Apple's Airplay, a proprietary method for zapping music all through your house without running wires everywhere, is expanding beyond the realm of iOS devices. Could it be on its way to becoming an industry standard - one that would allow Apple to charge the same sort of licensing fees for wireless music connections that it does today for speaker docks and other devices that connect to its proprietary iPhone/iPod/iPad slots?
We first spotted this trend in MOG's Mac app, which can send tunes to AirPlay-capable speakers and stereo systems as well as Apple's own AirPort Express and Apple TV, without requiring a workaround like Rogue Amoeba AirFoil.
Now, Eyecon Resources has taken things to the next level with an Android media player app that can send music to Apple's AirPlay devices, as well as anything that supports DLNA (Digital Living Network Alliance).
Eye-C for Android and iPhone, released on Tuesday, let users create shareable "Taglists" out of music, photos, and videos on SoundCloud, YouTube, Picasa, Facebook, or their own music libraries. But for now, what interests us is the Android version's magical ability to send music to AirPlay devices. After all, Android and iOS are bitter enemies.
Evolver.fm asked Eye-C vice president of marketing Alec Marshall, who holds the patent for the app and used to work on Apple's iTunes team, how the Eye-C team managed to send music from Google-powered phones to Apple-powered devices.

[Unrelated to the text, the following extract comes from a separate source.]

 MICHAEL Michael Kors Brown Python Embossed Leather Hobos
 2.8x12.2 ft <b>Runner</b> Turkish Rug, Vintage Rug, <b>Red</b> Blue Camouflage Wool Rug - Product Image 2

"Our team has about two years experience developing for connected home systems, including local media server systems and DLNA and Airplay networks," explained Marshall. "I'd imagine building the Android feature would be extremely difficult for an organization that didn't come from a background similar to ours."
Difficult, but not impossible.
"What Android users can expect is a very clean way to play music and video from their phone to both DLNA and Airplay devices," he added. "Apple is putting a lot of work into expanding AirPlay support, and I'd expect to see growth in this space – we're already noticing a significant increase in home theater receivers, iPod docks, and other devices that aren't manufactured by Apple but that do connect to AirPlay networks. This new feature allows Android users an opportunity to get in on this easy-to-use connected home system, playing music and video to systems that sound great."
We agree that the future is rosy for AirPlay. If you thought the iPod speaker dock market was huge over the past ten years, just wait until the idea of zapping music wirelessly from smartphones and tablets to televisions, speakers, and sound systems all over the house becomes similarly mainstream.
The big question: With Apple poised to dominate yet another area of digital music, why is Google sleeping on Fling?